**WORK REQUIRED:** Using the listing below, give again exactly the lines from the line with "Modern open-plan kitchen" to the line with "Elegant silver ribbon", inclusive, without the pictures.

**INFORMATION PROVIDED:**
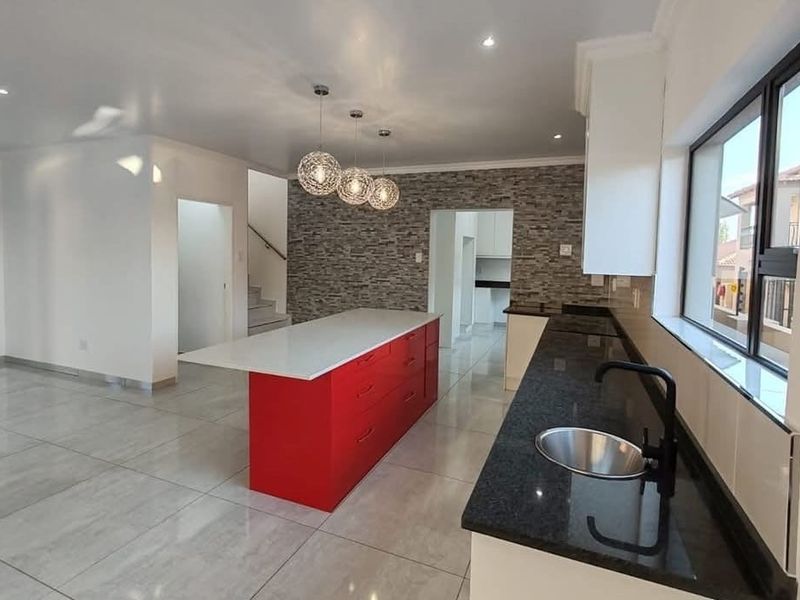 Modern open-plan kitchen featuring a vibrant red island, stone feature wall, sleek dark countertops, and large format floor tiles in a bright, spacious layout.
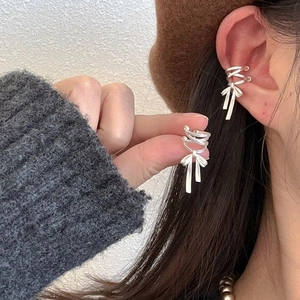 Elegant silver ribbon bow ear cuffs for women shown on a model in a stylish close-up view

---

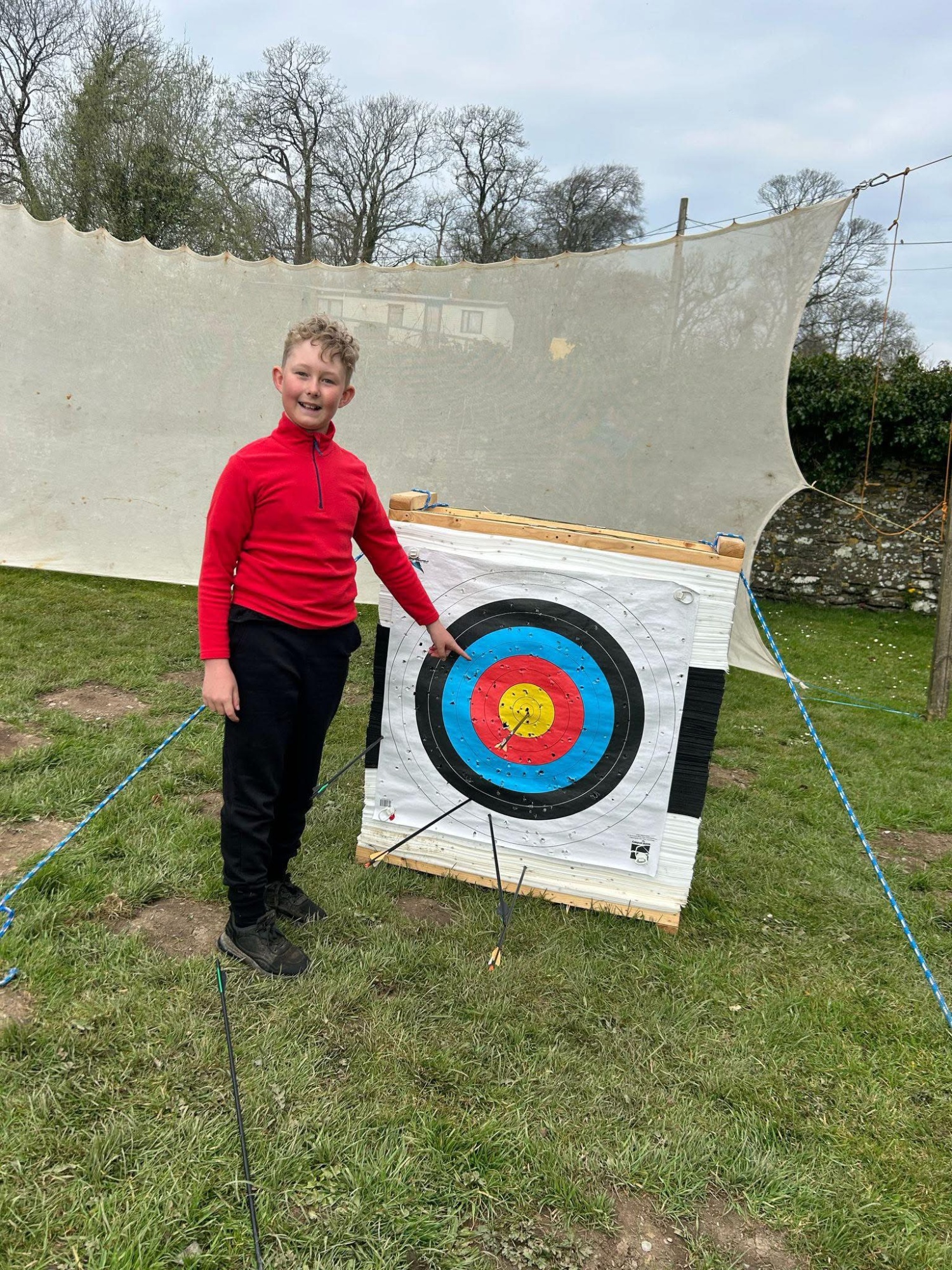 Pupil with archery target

**RESPONSE AREA:**
 Modern open-plan kitchen featuring a vibrant red island, stone feature wall, sleek dark countertops, and large format floor tiles in a bright, spacious layout.
 Elegant silver ribbon bow ear cuffs for women shown on a model in a stylish close-up view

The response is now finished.